P2P scalability tests¶
Summary¶
A normal system is not able to handle more than 30.000 catalogs reliably. This limit is not imposed by the catalogs but by the files in them, so there's no difference if the catalogs are used for managing atomic datasets or other units.
TDS 4.2.10 (newest):
max 2.000 catalogs per GB of memory for CMIP5 normal catalogs (75.000 files)

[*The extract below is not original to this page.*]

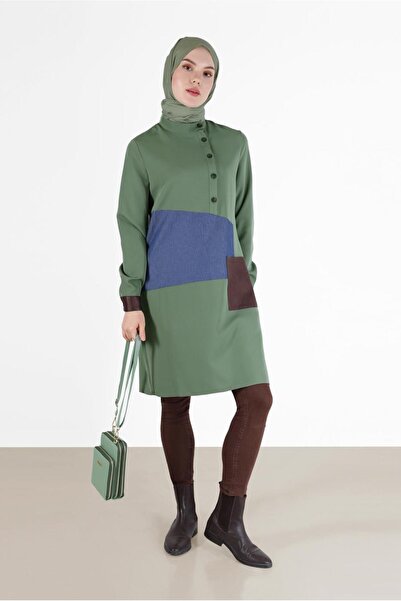 Alvina GEOMETRIC PATTERNED DETAILED BUTTON TUNIC 42306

max 20.000 Catalogs per GB of memory if reusing the files (this tests the catalog level itself).
The publisher will always have problems before this limit is reached. The limiting element are the number of files as all attributes in them are stored separately. This again doesn't affect the coarseness of the datasets, but the total number of files that can be handled.
TDS¶
(re-using the same files for the dummy catalog generation)
It takes about 500MB of memory to store 10.000 Catalogs and 45s to process them.
Catalogs # | JVM Max Heap | Processing time (s) | Memory (MB) |
1 | 1024 | 1 | 57 |
1000 | 1024 | 10 | 150 |
10000 | 1024 | 45 | 570 |
15000 | 1024 | 83 | 790 |
16000 | 1024 | 120 | 830 |
10000 | 2048 | 45 | 570 |
20000 | 2048 | 90 | 1000 |
30000 | 2048 | 140 | 1500 |
ESG Publisher (esgcet)¶
These are the table sizes of some of the tables used by the publisher at our replication node for cmip5
catalog 22382 dataset 20623 dataset_version 22398 file 915295 file_version 915295 file_variable 8393508 file_attr 23961353 file_var_attr 29564288 filevar_dimension 14133348 var_attr 3218266 var_dimension 1139604 variable 464501
Every dataset expands to over 3700 entries in total in the DB (note the greater numbers are all on file* tables)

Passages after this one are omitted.